One Man’s Love of Animals

Togetherness: Sheena may be a cougar but she acts as if she's right where she belongs. -- Photo by Pat Bean

During my 2006 wanderings, I came across Queen Wilhelmina State Park near Mena. Arkansas. One of its attractions at that time was a small zoo and wildlife sanctuary operated by Thomas Young, a wildlife rehabilitator.

The zoo animals included a bear, a timber wolf cub, orphaned fawns, bobcats, wild turkeys, hawks, owls, raccoons – and a cougar named Sheena. Almost all of them had been injured at some point in time.

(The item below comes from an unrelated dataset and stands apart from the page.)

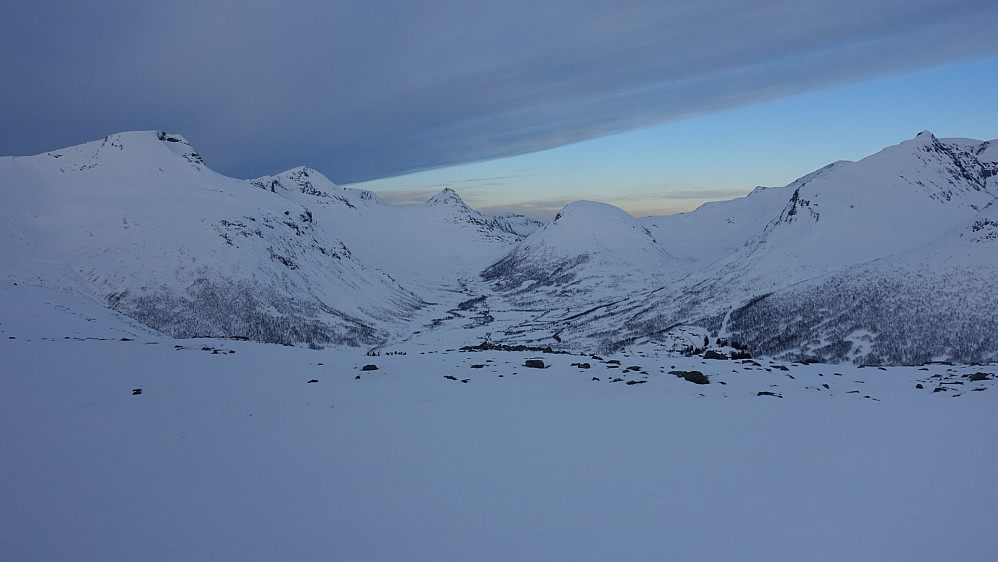 Flotte fjell på Overøye, i motsetning til den ustrukturerte hyttebebyggelsen hvor gamle og nye hyttepalass kolliderer med hverandre i dalsøkket.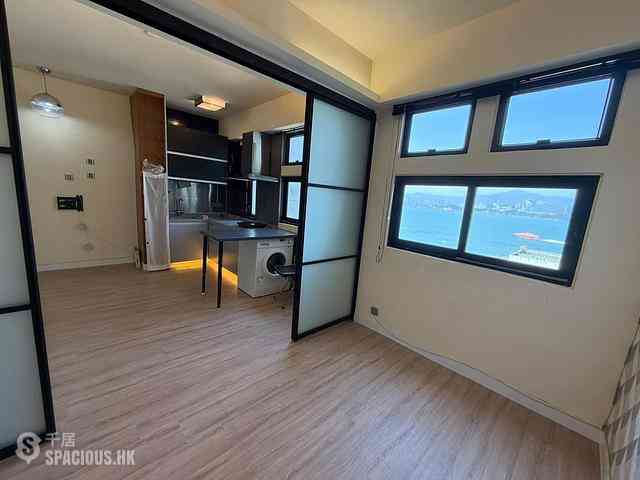 Sai Ying Pun - Hing Tai Building 01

The side of a small unpainted wooden building on the property told the real story of this place. Large white lettering boldly announced that 12 bears, 5,000 hawks, 2,000 owls, 22 bald eagles, 18 golden eagles and thousands of small mammals had been released back into the wild by Young. The $4 entry fee to the zoo helped cover his expenses.

It was while I was questioning Paul, a volunteer and apprentice falconer working with Young, that I saw Tom for the first time.

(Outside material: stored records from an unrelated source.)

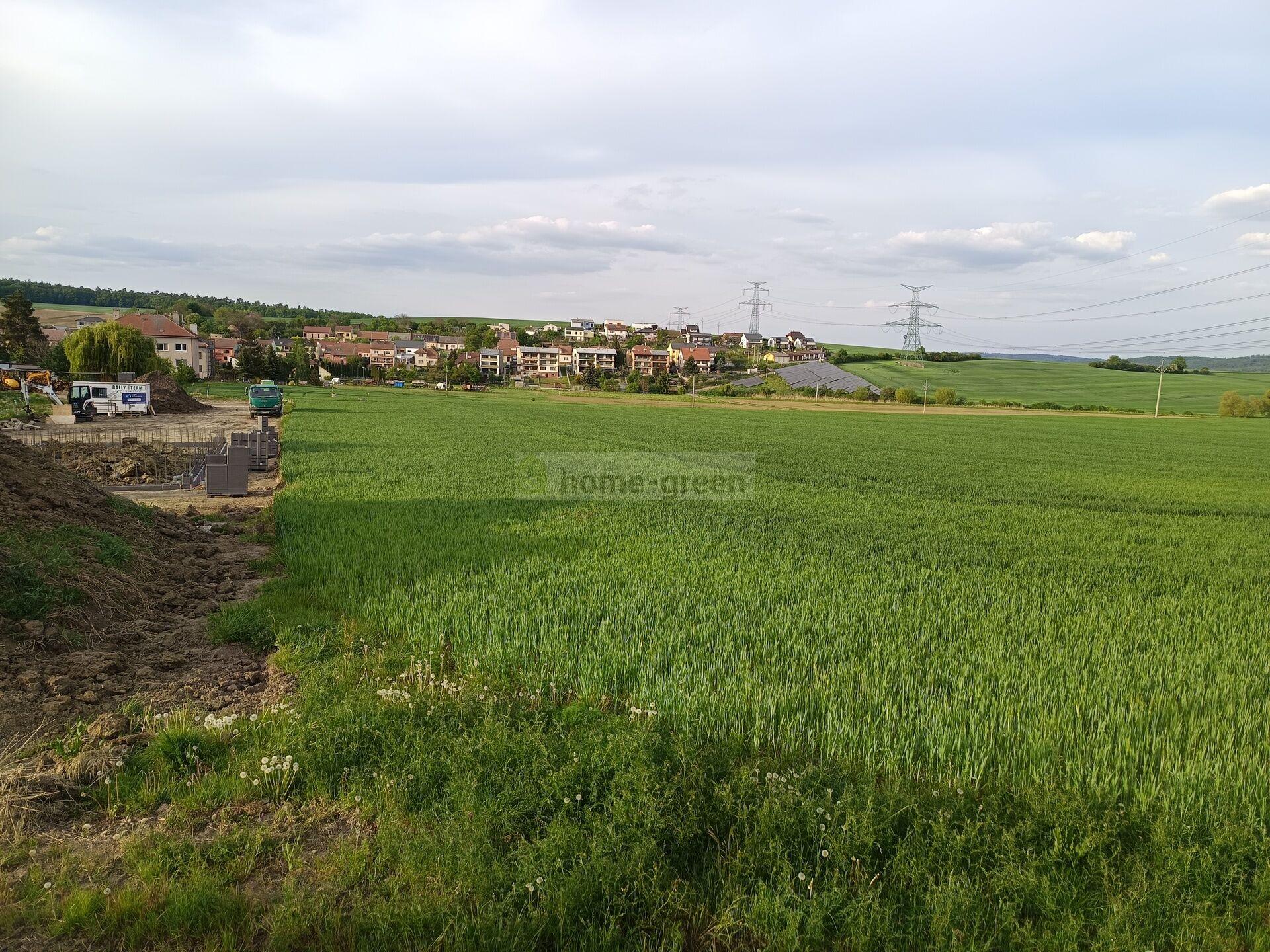 Prodej stavebního pozemku - 707 m², Veverské Knínice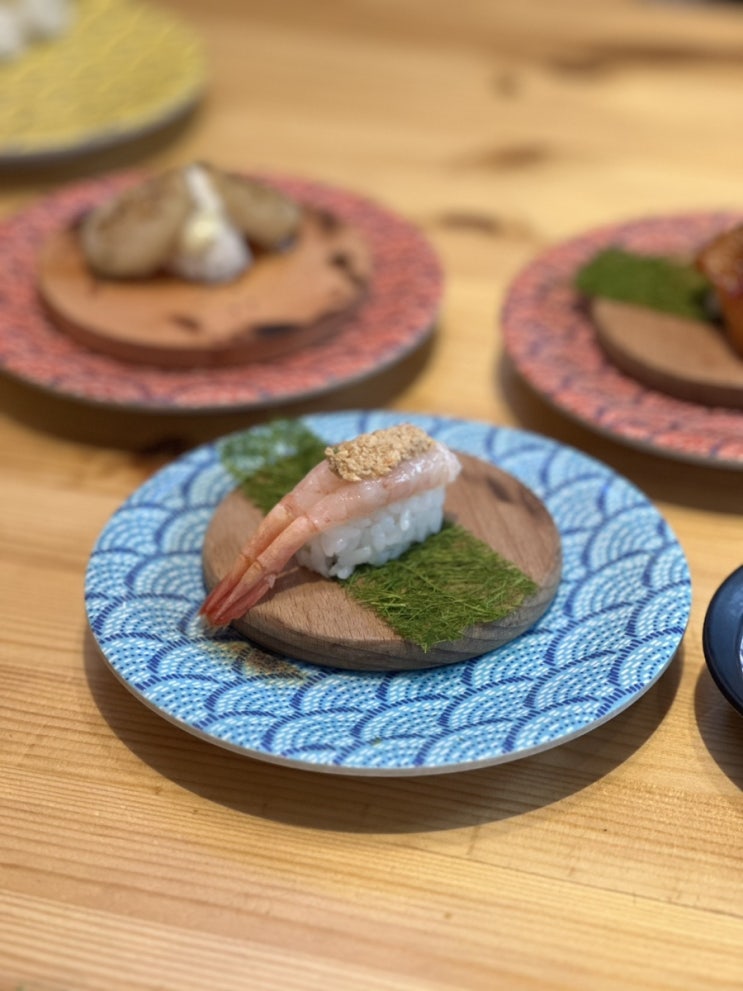  과천 초밥 아라아토 회전초밥 과천 맛집 2,400원 균일가
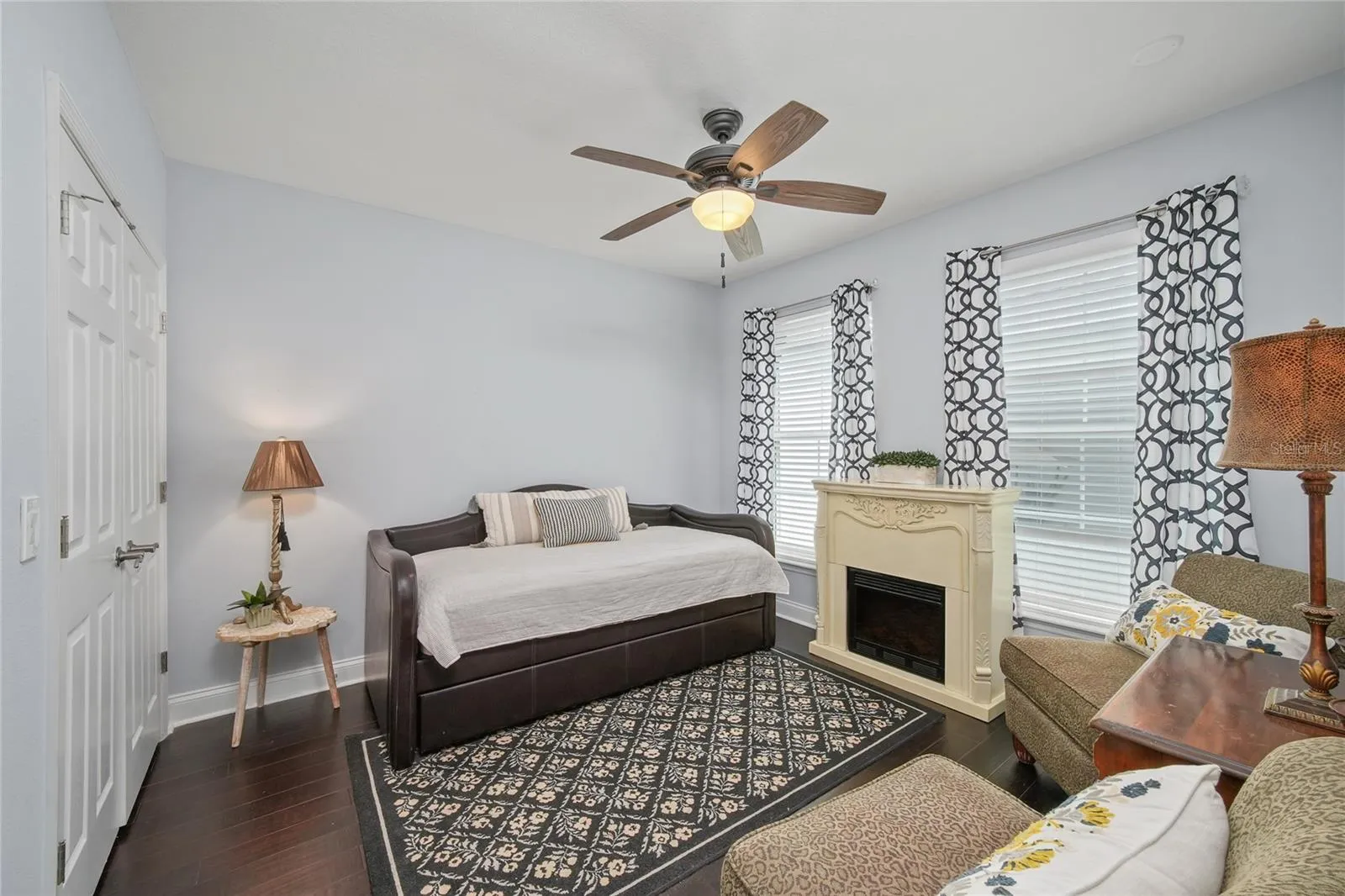 Inviting Guest Bedroom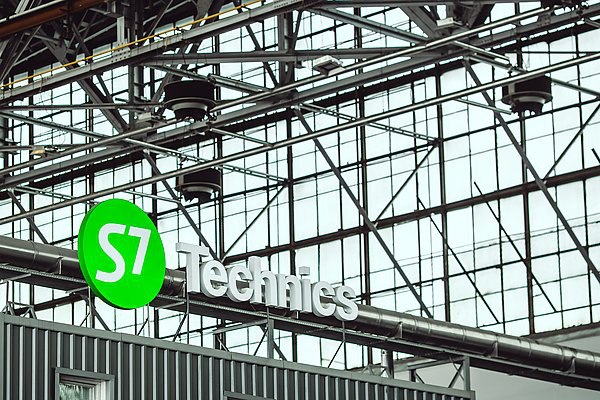 В России расширили мощности по ремонту двигателей Airbus и Boeing S7 Technics входящая в группу S7 завершила строительство второй очереди завода в Москве по ремонту авиадвигателей и компонентов для самолетов Airbus 320 и Boeing 737 Об этом сообщает ТАСС со ссылкой на издание Ведомости Как отмечается запуск нового корпуса площадью почти 60 тыс кв м позволит увеличить объем капитального ремонта силовых установок с 40 до 65 единиц в год и в полтора раза сократить сроки проведения работ Инвестиции группы S7 в проект с 2021 года превысили 10 млрд рублей Как рассказал заместитель гендиректора компании Андрей Соколов предприятие уже освоило разборку и инспекцию деталей двигателей CFM56 5B и CFM56 7B а также обслуживание вспомогательных установок Honeywell С вводом второй очереди завод сможет ремонтировать 16 дополнительных типов авиазапчастей включая газотермическое нанесение покрытий вакуумную термообработку дробеструйное упрочнение и прочее aviaru net n290023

Paul pointed him out to me as the long-haired man who had just appeared with a turkey neck in his hand to feed a wild turkey vulture that had just landed in the park.

As I watched the scene from about 30 feet away, the volunteer told me the vulture was a bird Tom had rehabilitated. Later Tom told me it was actually the parent of the rescued bird. He said it was the first time this particularly vulture had fed from his hand.

I was more amazed that he could tell the difference between two vultures than that a large, society-designated-ugly, wild bird had fed from his hand. .

“For some reason it’s come to trust me,” Tom said of his vulture friend. “A while back it brought its young here for me to babysit while it flew off on some business for about three hours.”

The volunteer had already told me this story in more detail but I was still fascinated with Tom’s less wordy rerun along with a sparse sketch of his life.

This man was a doer not a talker.

Tom said the park’s lofty location in the Ouachita Mountains made it ideal for releasing rehabilitated birds back to the wild. I was privileged to see one such release the next day, an awesome red-shouldered hawk that Tom released from the overlook just beyond the park’s lodge.

The bird simply fall off the edge of the mountain and glided away, one of the most beautiful sights any birder could ever hope to see.

Bean’s Pat: A Traveler’s Tale http://tinyurl.com/brbfpsh Take an armchair tour of a Papua, New Guinea, village.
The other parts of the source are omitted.